EXERCISE MATERIAL:
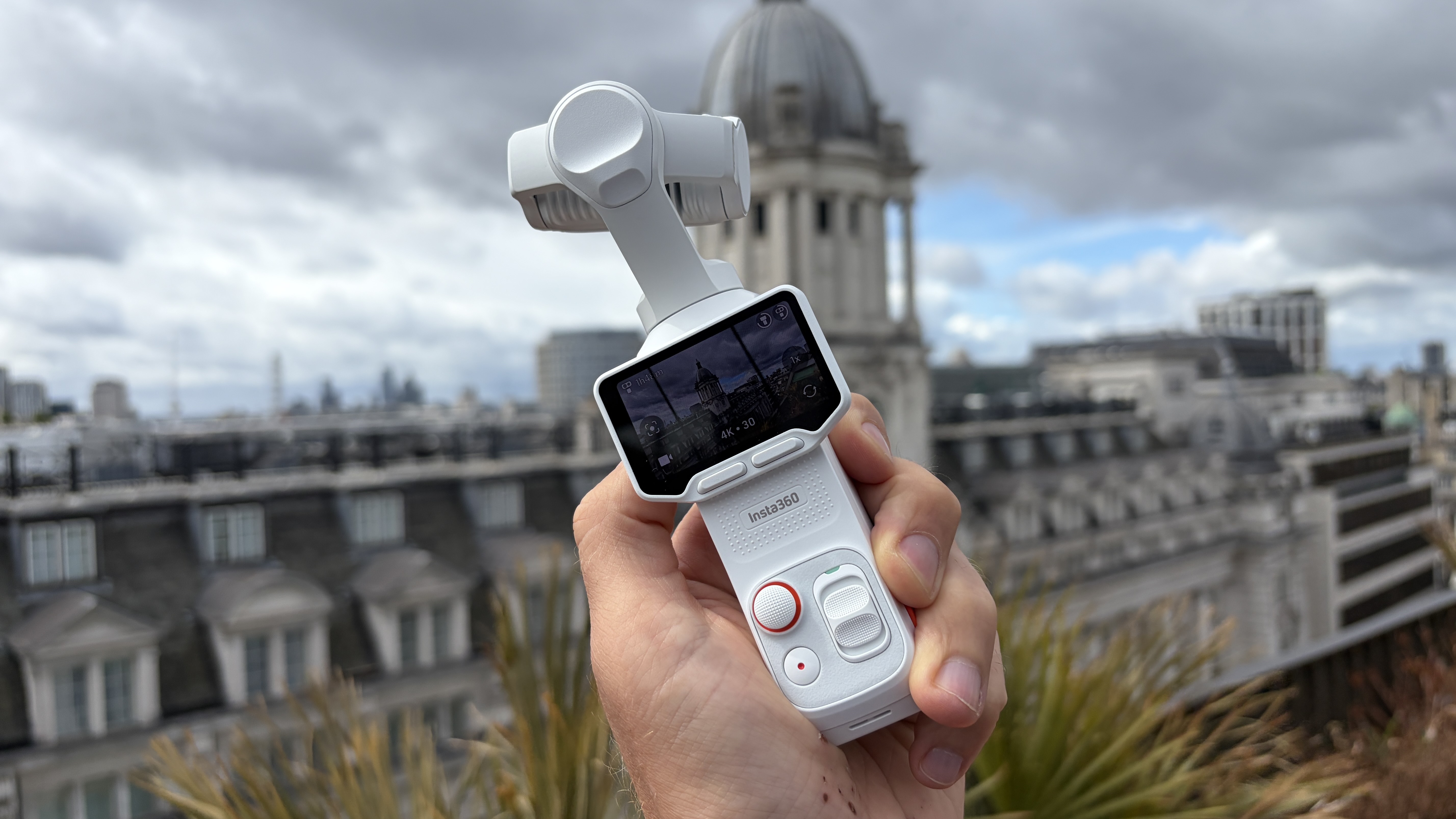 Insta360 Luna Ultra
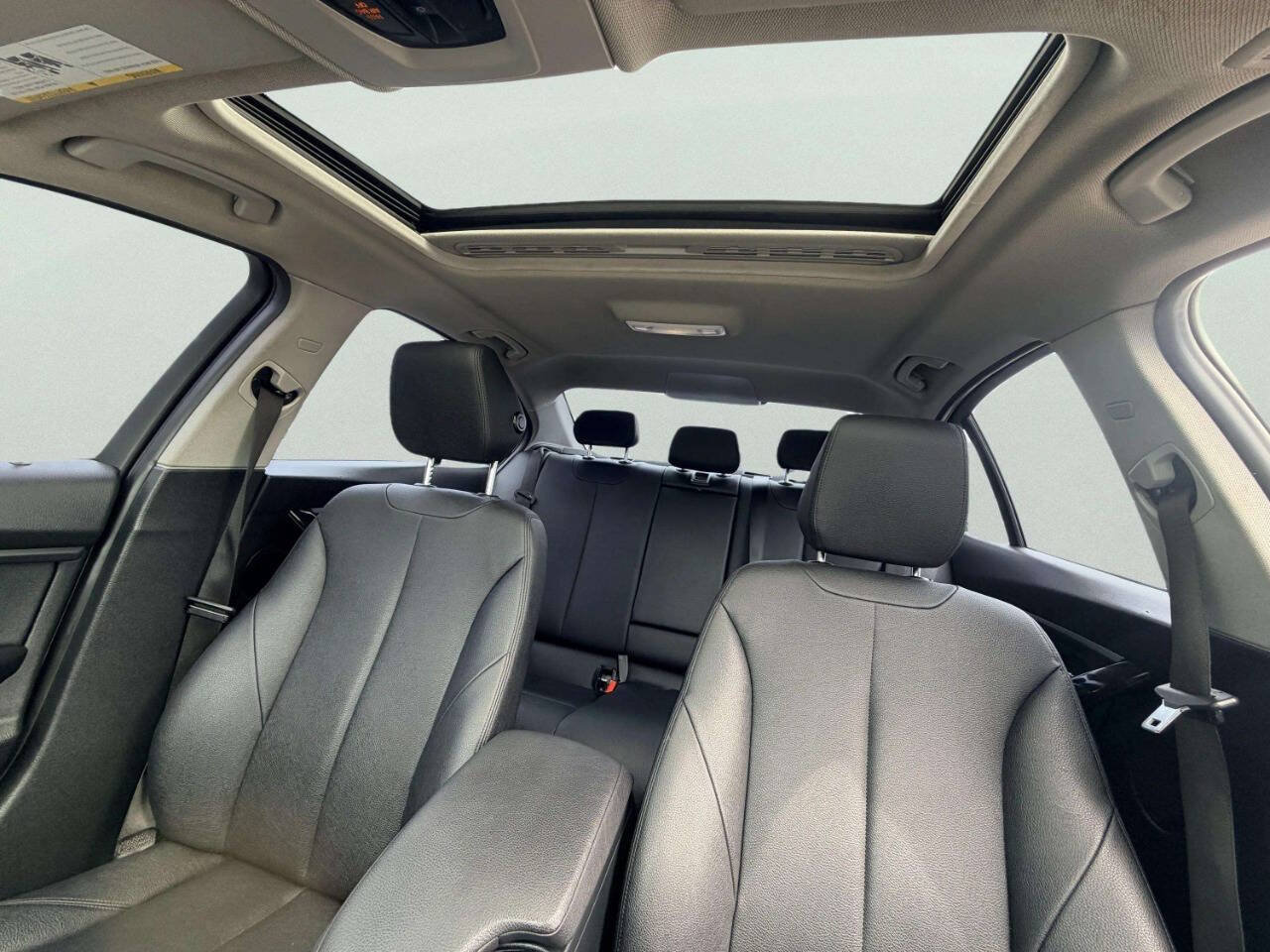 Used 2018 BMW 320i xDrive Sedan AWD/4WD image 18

...

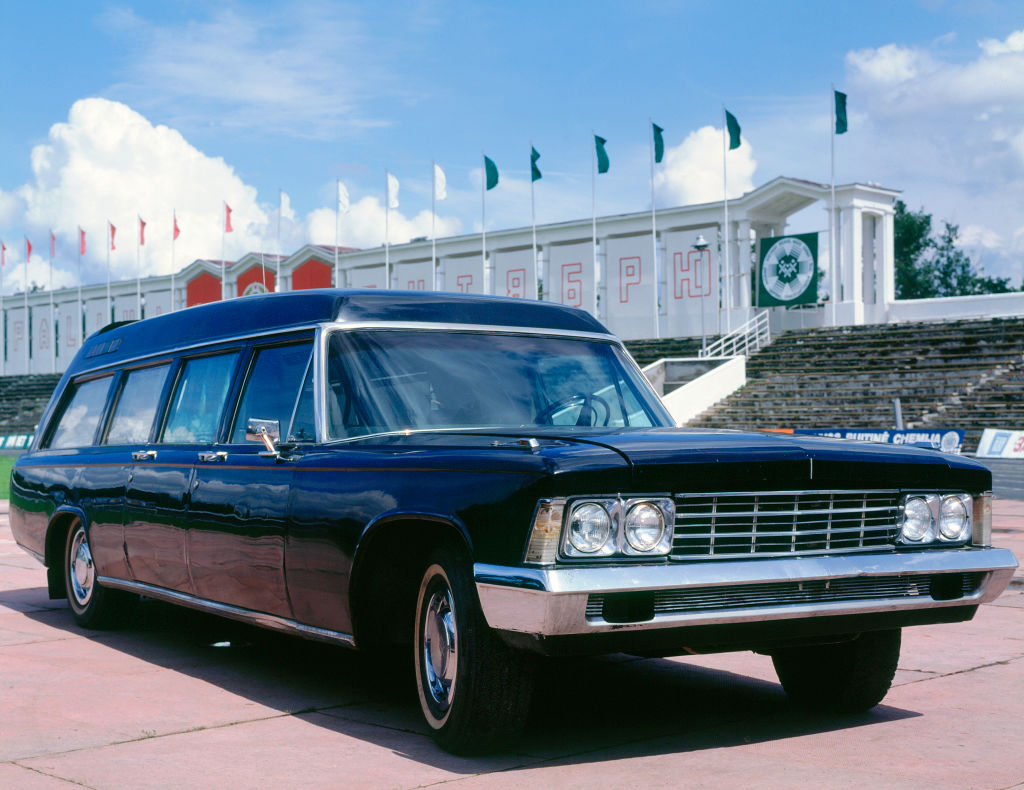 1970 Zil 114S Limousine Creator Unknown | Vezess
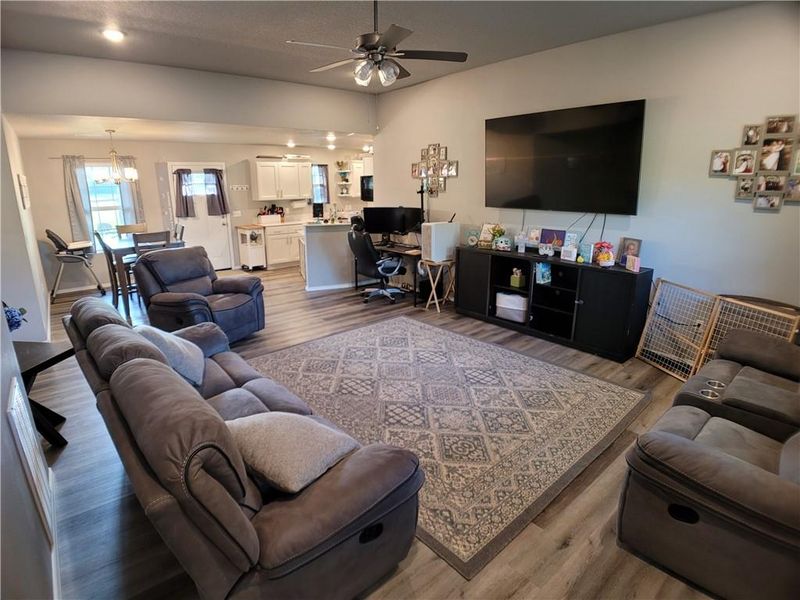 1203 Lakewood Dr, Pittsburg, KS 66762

TRY IT:
Skipping the pictures, print the lines in the listing above exactly as written, starting at the line with "Insta360 Luna Ultra" and ending at the line with "Used 2018 BMW", both included.

TASK OUTPUT:
 Insta360 Luna Ultra
 Used 2018 BMW 320i xDrive Sedan AWD/4WD image 18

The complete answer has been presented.